Before even announcing his candidacy, Gov. Walker was actually leading GOP polls in Iowa, and leading by a lot, with 22%, well-ahead of Donald Trump with 13%. Then he got into the race, and immediately sent out a fundraising letter which began --
My relationship with God drives every major decision in my life. Each day I pray and then take time to read from the Bible and from a devotional named Jesus Calling.
As you can imagine, the months leading up to my announcement that I would run for President of the United States were filled with a lot of prayer and soul searching.
Here’s why: I needed to be certain that running was God’s calling -- not just man’s calling. I am certain: This is God’s plan for me and I am humbled to be a candidate for President of the United States.
By the way, to be clear, the bold-face is emphasized that way in the letter. That was not my editorial addition to make it stand out. Gov. Walker wanted to make sure that you knew and you understood without any chance of uncertainty that not only did he pray every day and have a close relationship to the Almighty, but that after all that prayer and soul searching he had learned that it was "God's plan" that he run for presidential.
The letter then goes on to describe his very conservative agenda ("his" being Scott Walker's agenda, not God's), and he repeats later in the letter once again that "My decisions are based on my relationship to God," just so you really can't miss it. And so, if anyone knows with spot-on certainty what "God's plan" is -- especially since he notes in the letter that he's also the son of a Baptist minister, so there's one more pipeline straight to the Almighty -- it's Scott Walker.
So, the only conclusion we can draw from this is that if Scott Walker, with all his conservative views was leading the GOP race before officially announcing his candidacy, got into the race specifically because it was "God's plan" (sorry, that's "God's plan"...) only to see that very support plummet from the aforementioned 22% down to a mere 3% and have to drop out of the race just a mere two months later, it would suggest that "God's plan" was to discredit those poll-leading conservative values and do so in as fast and public a way as possible.
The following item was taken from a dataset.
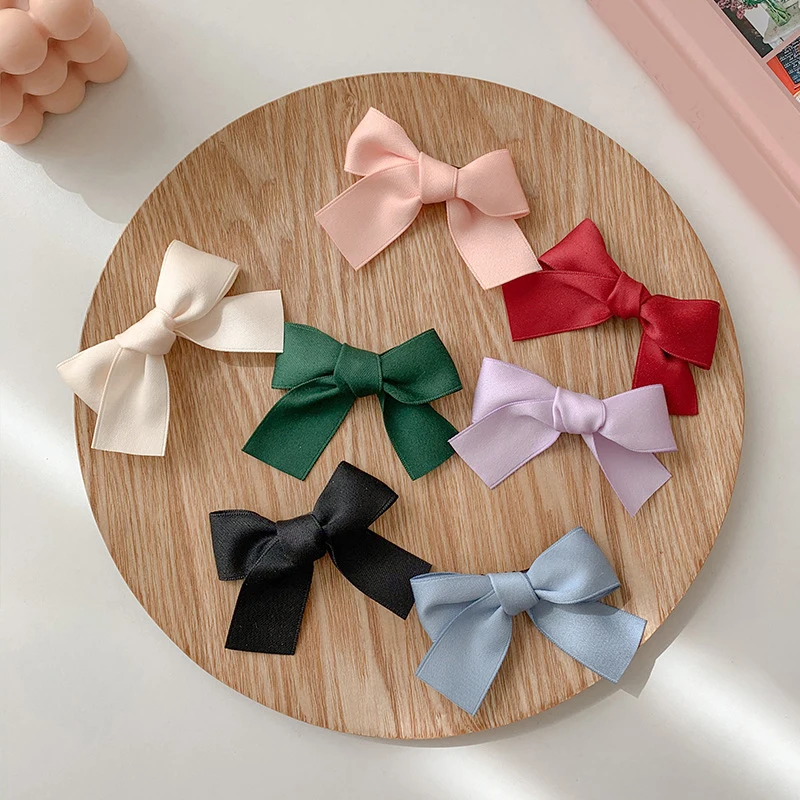 

Colorful Satin Hair Accessories Woman Bowknot Hair Ties Hair Bow Hairpins Sweet Bangs Clip Headwear Girls Hairgrips Ornaments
I don't see any other reasonable interpretation. It's his own words, bold-faced. According to Scott Walker, God meant for him to get into the GOP race -- only to then humiliate the Wisconsin governor and his conservative views. So, if it's "God's plan," then God meant to do this.
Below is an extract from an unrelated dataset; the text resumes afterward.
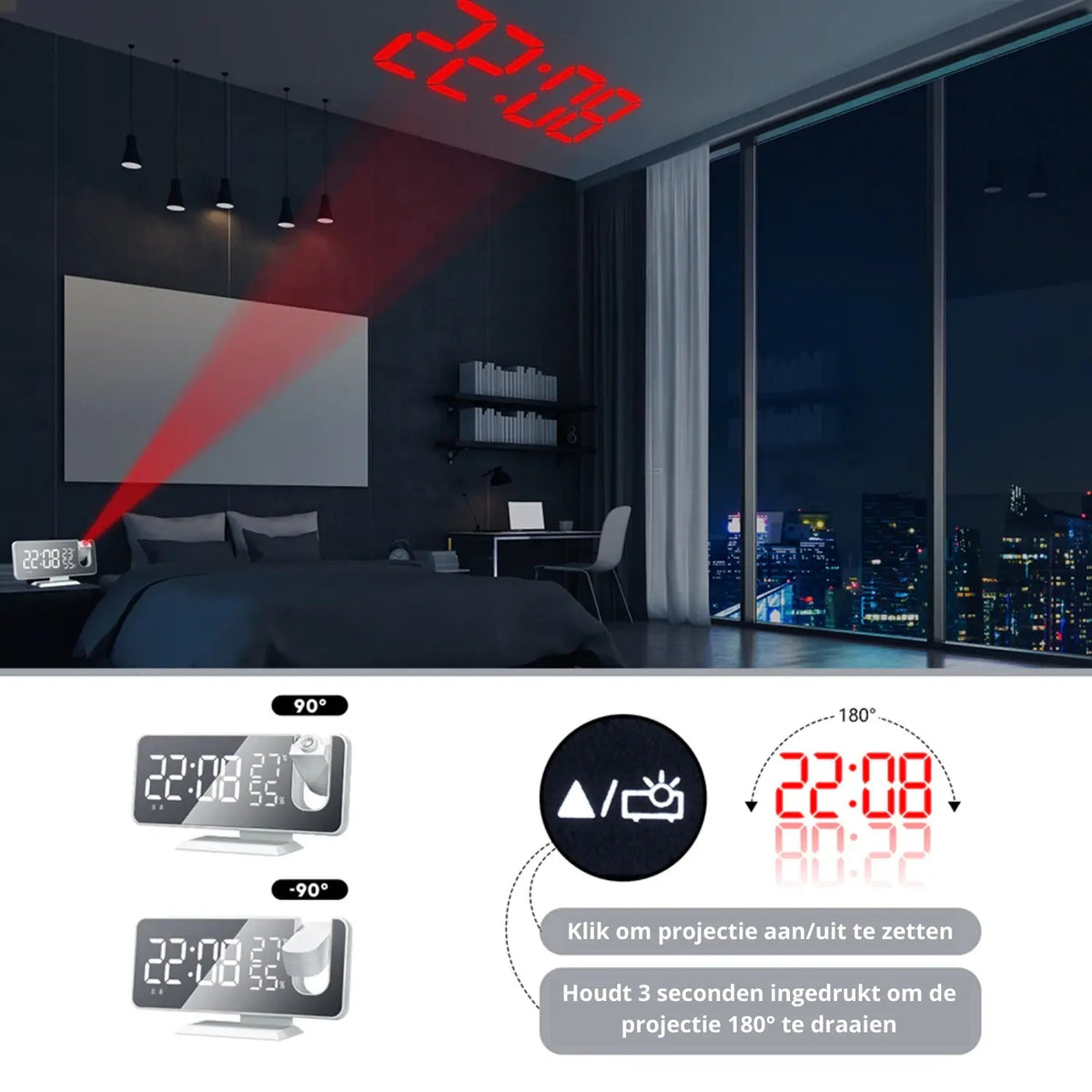 Projection Alarm Clock Rotating Projection & USB Charging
Okay, in fairness, there's one other reasonable interpretation. It's that Scott Walker doesn't have remotely as close a relationship to God as he believes, and he doesn't have a clue to God's thinking and God's plans, and what he said in his fundraising letter was nothing more than wishful, arrogant hopes and a soul-empty way to convince others of his piety so great that God Himself anointed Mr. Walker to be the most powerful man in the world, so that people would fork over money.
I know that there are many other possible interpretations, but those are the only two that are reasonable and substantive. After all, as the theory known as Occam's Razor states -- when there are many explanations, the simplest is usually the right one.
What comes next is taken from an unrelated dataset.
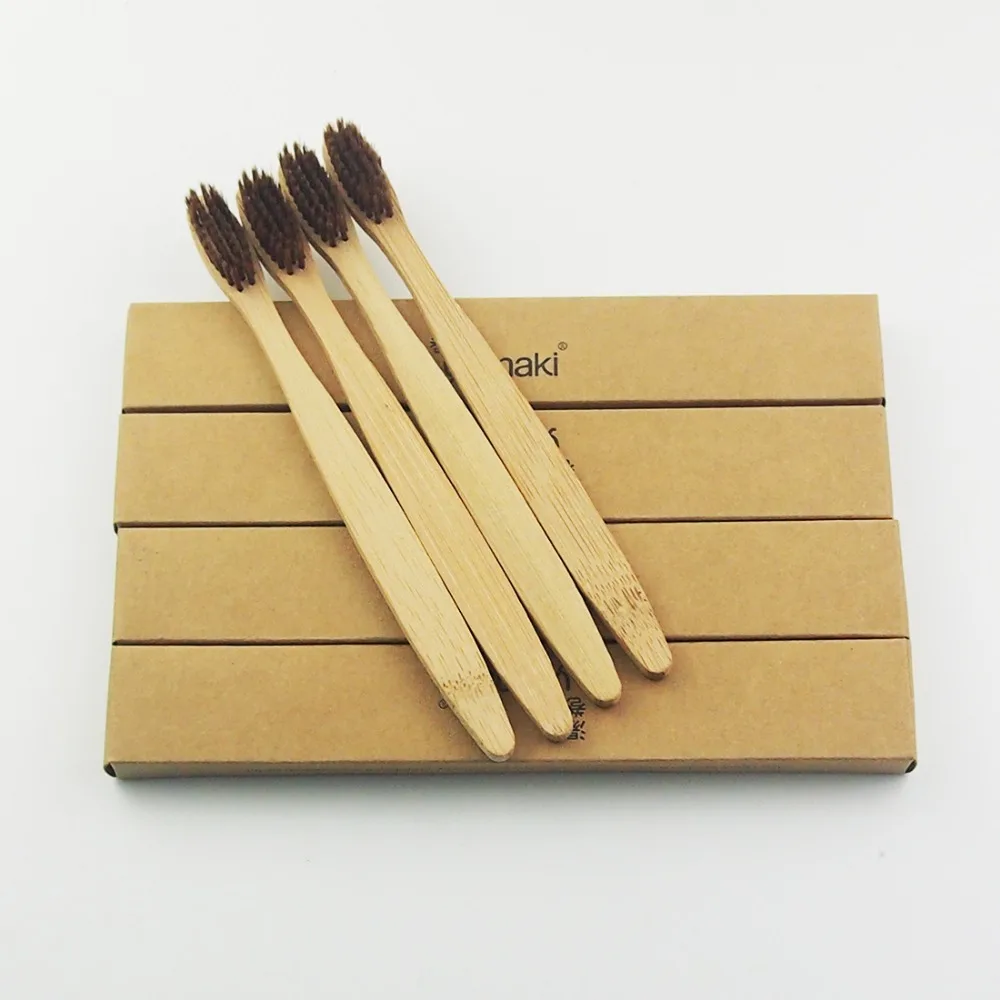 5 упаковок коричневая бамбуковая зубная щетка деревянная новинка Бамбуковая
To be clear, I'm not saying that God's plan was to discredit conservatism. I'm saying that that's what Scott Walker is saying. I don't believe for a second that it was "God's plan" for Scott Walker to run for President of the United States -- any more than it was "God's calling" to Michele Bachman to run in 2011, or that Mike Huckabee has a direct line to God, or that any candidate does. If God wanted someone to be president, that person would be president. And he or she wouldn't even have to tell you. Any deity who can create the world in six days and cause a flood to cover the earth can fix an election without breaking a sweat. And you'd know it. When God wanteth something to come to pass, He makes sure you know. Otherwise, what's the point? Divine providence carries a lot of weight.
But if Scott Walker wants to tell you that it was God's plan that he run -- and he does -- then he's got to accept the consequences of what it means when God tells him to get out.